§ What you will do:
Once you reach the line containing "pdicarlotrader's tweet photo." in the data below, restate each line word for word up to and including the one containing "Next key level: trend".

§ Data for the task:

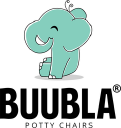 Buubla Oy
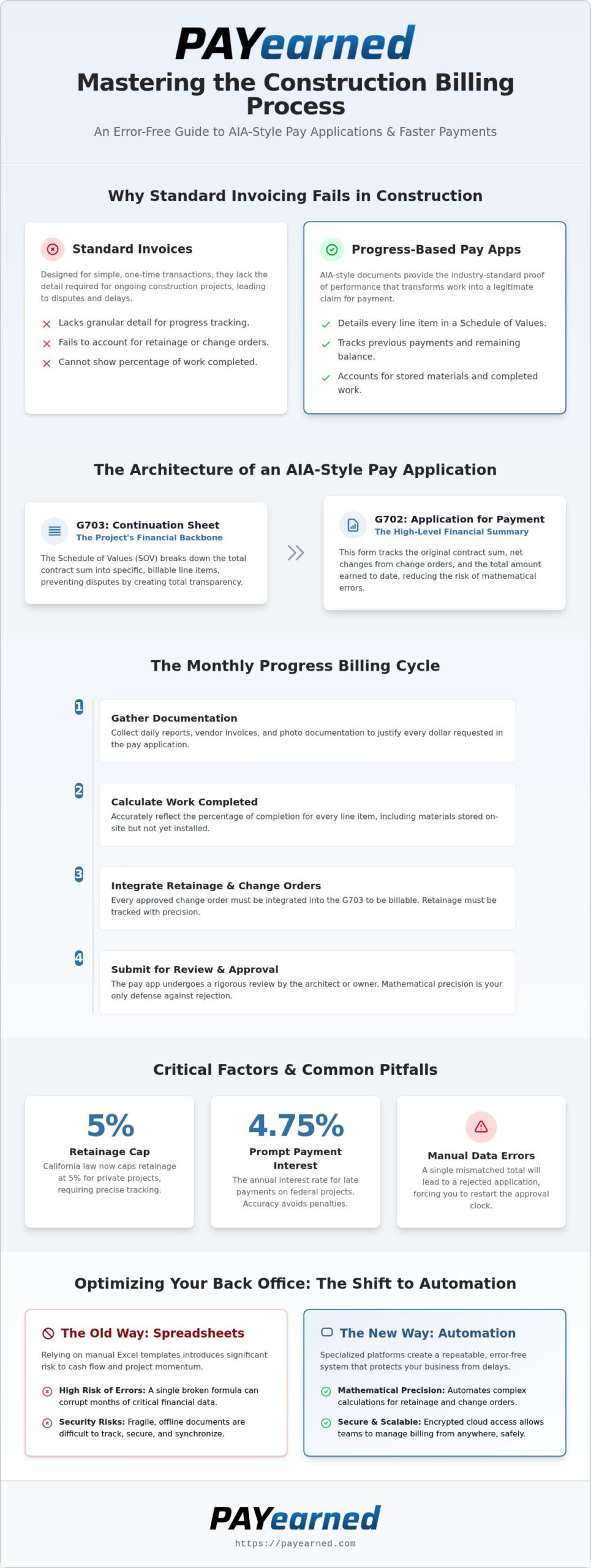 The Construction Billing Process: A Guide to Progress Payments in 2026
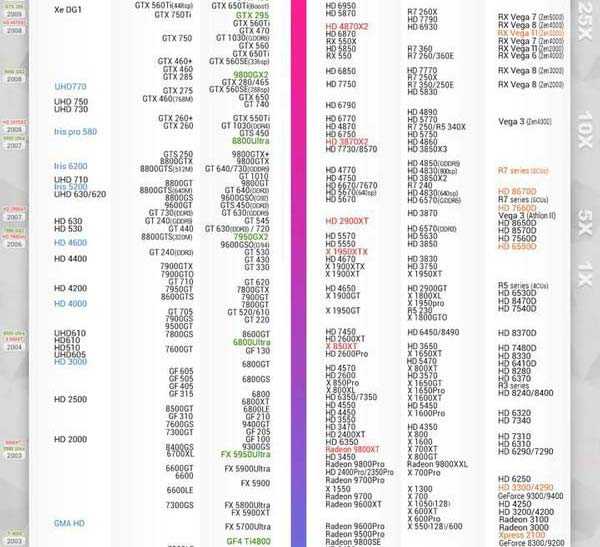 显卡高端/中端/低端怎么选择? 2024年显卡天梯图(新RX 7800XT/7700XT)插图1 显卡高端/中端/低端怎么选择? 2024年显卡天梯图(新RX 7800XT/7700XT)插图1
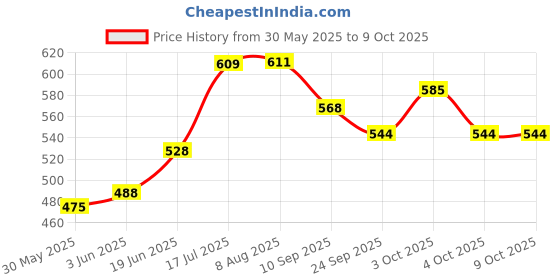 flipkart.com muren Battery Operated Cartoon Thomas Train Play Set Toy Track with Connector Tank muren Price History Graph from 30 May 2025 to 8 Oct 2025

* * *

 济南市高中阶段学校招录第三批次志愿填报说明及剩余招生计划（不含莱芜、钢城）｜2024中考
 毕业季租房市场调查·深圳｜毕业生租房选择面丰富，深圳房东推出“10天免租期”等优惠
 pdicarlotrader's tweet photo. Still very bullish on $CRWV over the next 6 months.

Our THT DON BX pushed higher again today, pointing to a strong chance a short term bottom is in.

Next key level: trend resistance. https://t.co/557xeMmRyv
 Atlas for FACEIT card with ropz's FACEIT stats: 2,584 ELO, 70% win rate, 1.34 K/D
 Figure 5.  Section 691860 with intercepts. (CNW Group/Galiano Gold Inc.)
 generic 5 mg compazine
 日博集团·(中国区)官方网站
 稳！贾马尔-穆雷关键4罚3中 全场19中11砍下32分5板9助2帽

§ Output for this exercise:
 pdicarlotrader's tweet photo. Still very bullish on $CRWV over the next 6 months.

Our THT DON BX pushed higher again today, pointing to a strong chance a short term bottom is in.

Next key level: trend resistance. https://t.co/557xeMmRyv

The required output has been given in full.